Written for Manila Today
Aside from Joma Sison and the surviving participants of the First Quarter Storm era, no one has come forward to publicly admit that he or she is the leader of the Kabataang Makabayan or KM. There is no roster of KM officers, there are no KM chapters recognized by schools, there are no KM members on Facebook.
Yet KM recently celebrated its 50th founding year. Some of its members staged lightning rallies in Manila, some chapters released an anniversary statement, and some former activists from the 1980s and 1990s gave testimonies about the influence of KM on their lives.
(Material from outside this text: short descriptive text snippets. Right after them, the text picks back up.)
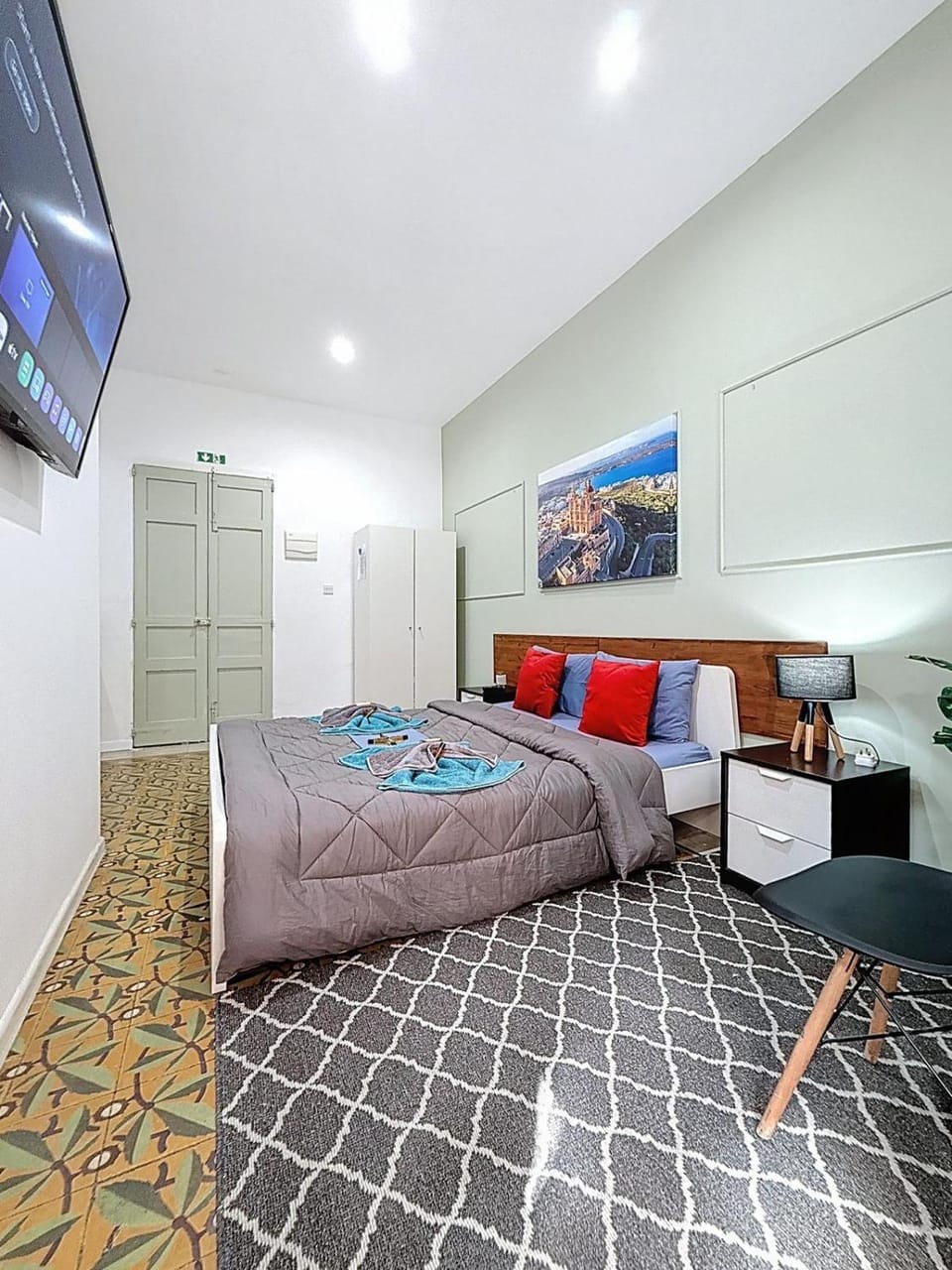 Bed, Photo of the whole room, Bedroom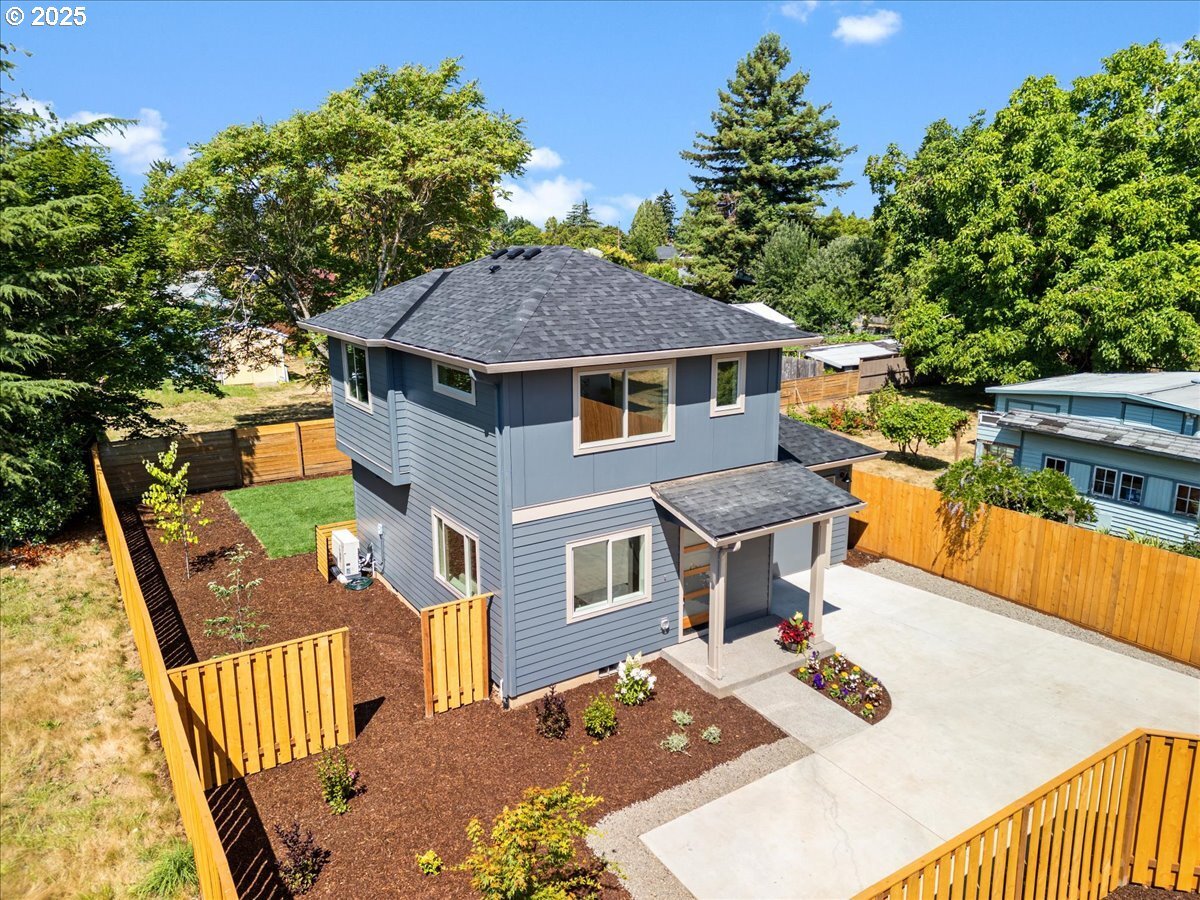 Property Photo: 3815 SE 76th Ave Unit C OR 97206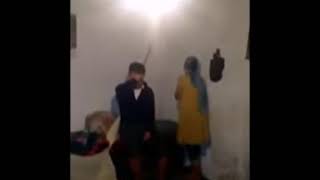 YOSH KELNCHAK UYIGA OYNASHN OLIP KELGANDA QOLGA TUSHDI 
 SEKIS VIDEO KANAL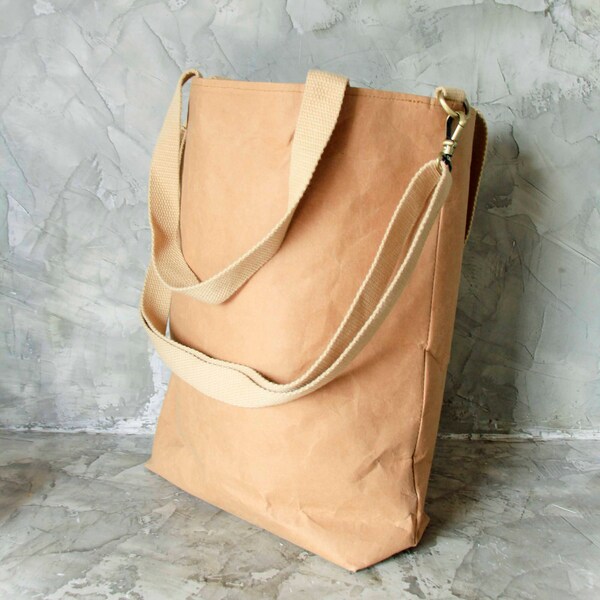 Shoulder bag handmade from kraft paper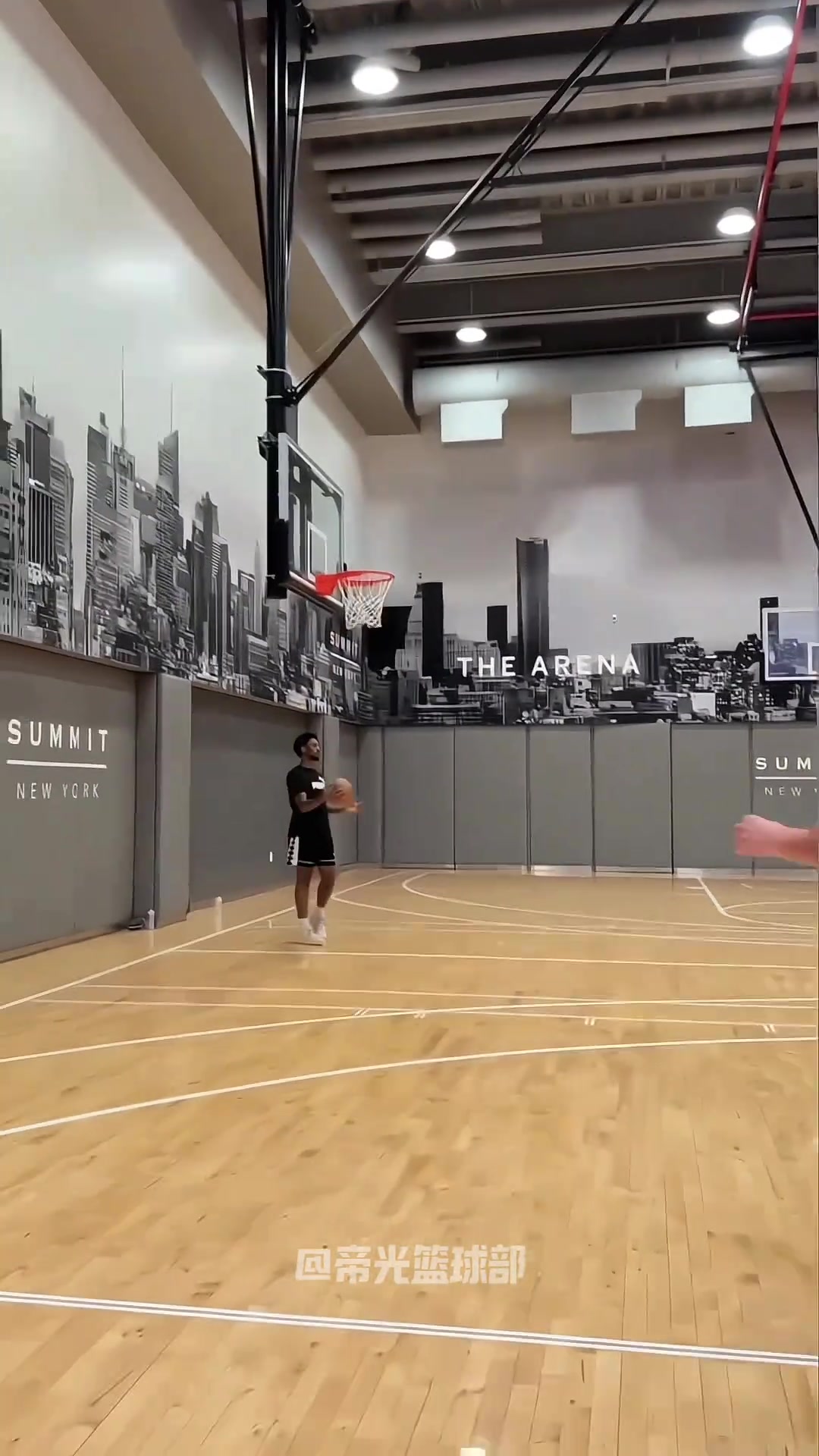 克萊紐約三分特訓(xùn)大家覺(jué)得出手姿勢(shì)怎么樣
KM is not the oldest existing youth group in the Philippines but its radical contribution and impact to the country’s politics remains unsurpassed. Traditional youth networks focus on individual achievements (e.g. how many of their members became part of Congress or Cabinet) while KM is more concerned on how to mobilize its members in the national democratic struggle. There are no KM greats, no KM heroes, no prominent alumni – everyone is simply KM.
What makes KM relevant in 2015? Aside from the fact that it continues to exist, its political program has remained revolutionary. There are avant-garde political groups but KM is unabashedly revolutionary. It introduced a comprehensive and progressive concept of youth organizing and youth involvement in politics.
KM reminded the youth that there is more to politics than electoral politics. That its task is to name the ills of society, explain the roots of the crisis, join the people’s struggle, and carry out the socialist alternative. What a subversive idea in 1964! Compared to the mainstream values and political thinking today, the KM perspective continues to represent a new type of politics. It is not because KM has stubbornly refused to embrace change, but because the general conditions of the present have remained unchanged since the 1960s. We should add that the conservative ruling class has ruthlessly demonized the KM way of doing politics as irrational, futile, and terroristic.
KM is many things to different people but at least it has a sense of history. It was founded on November 30, Bonifacio Day, to herald the continuity of the 1896 Philippine Revolution. Some have derided the KM for copying the so-called destructive politics of China’s Red Guards. But China’s Cultural Revolution was launched in 1966 while KM was founded two years earlier. It is true that KM members have consistently propagated the teachings of Mao Zedong but they saw themselves from the very beginning as heirs of the Katipunan legacy. The KM is both Katipunero and Red Guard.
Some looked down on KM leaders who became the pioneer cadres of the Communist Party and New People’s Army. But the CPP-NPA was the core of the resistance movement during martial law in the 1970s. The KM was also one of the underground groups which established the National Democratic Front. In a different context, KM was the original proponent of the government’s ‘balik-probinsiya’ (back to the province) program. Even before martial law was declared, KM members were encouraged to serve the people, integrate with the masses in the countryside, and join the agrarian revolution. Many tirelessly worked to create grassroots formations across the archipelago. Most of these initiatives became leading NGOs and people’s organizations that promoted the welfare of the poor and marginalized. There is probably a KM member behind every anti-Marcos NGO that bloomed in the 1970s and 1980s.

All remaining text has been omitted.